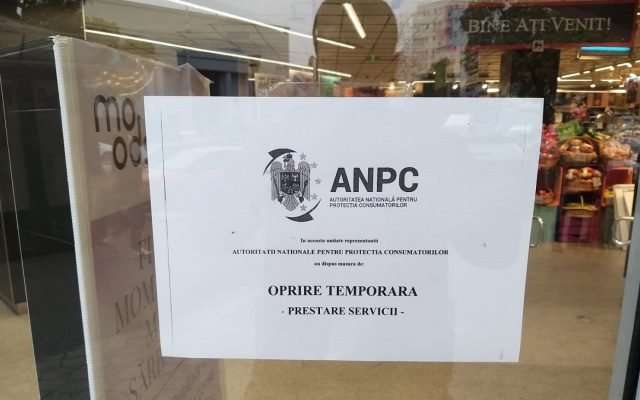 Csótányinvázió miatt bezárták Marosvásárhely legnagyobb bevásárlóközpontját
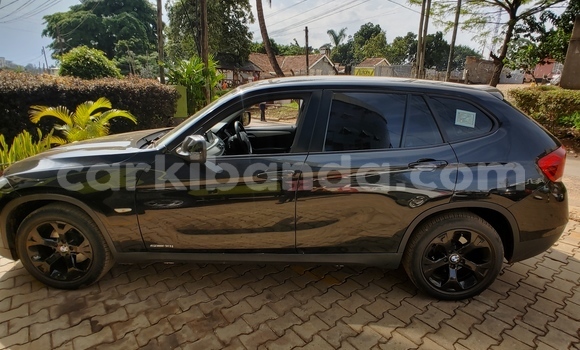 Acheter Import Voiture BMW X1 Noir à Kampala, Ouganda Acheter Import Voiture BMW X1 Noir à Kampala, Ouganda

====

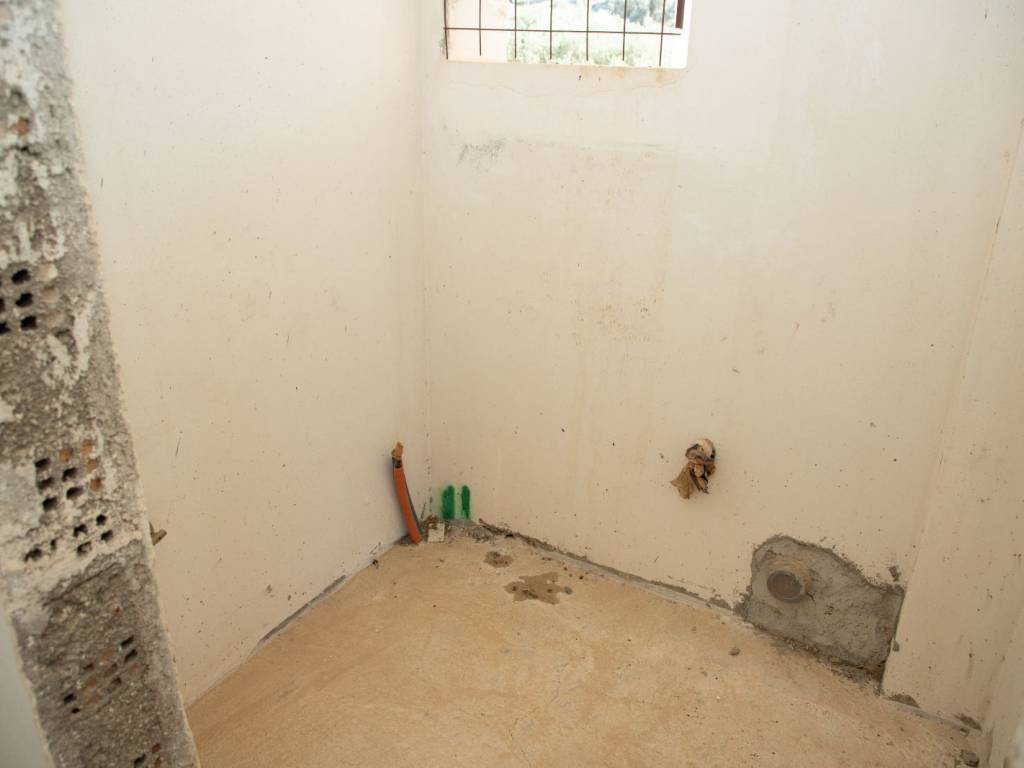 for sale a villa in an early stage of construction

====

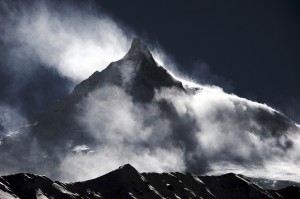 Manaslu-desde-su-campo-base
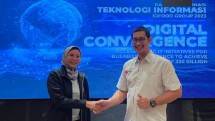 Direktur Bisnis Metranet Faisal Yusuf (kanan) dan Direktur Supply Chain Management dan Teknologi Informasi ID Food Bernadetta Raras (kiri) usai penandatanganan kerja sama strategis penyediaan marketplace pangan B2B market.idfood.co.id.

====

The reply should hold the entries above from the line with "Csótányinvázió miatt bezárták" to the line with "Acheter Import Voiture BMW X1 Noir à Kampala, Ouganda Acheter", duplicated exactly, pictures excluded.

 Csótányinvázió miatt bezárták Marosvásárhely legnagyobb bevásárlóközpontját
 Acheter Import Voiture BMW X1 Noir à Kampala, Ouganda Acheter Import Voiture BMW X1 Noir à Kampala, Ouganda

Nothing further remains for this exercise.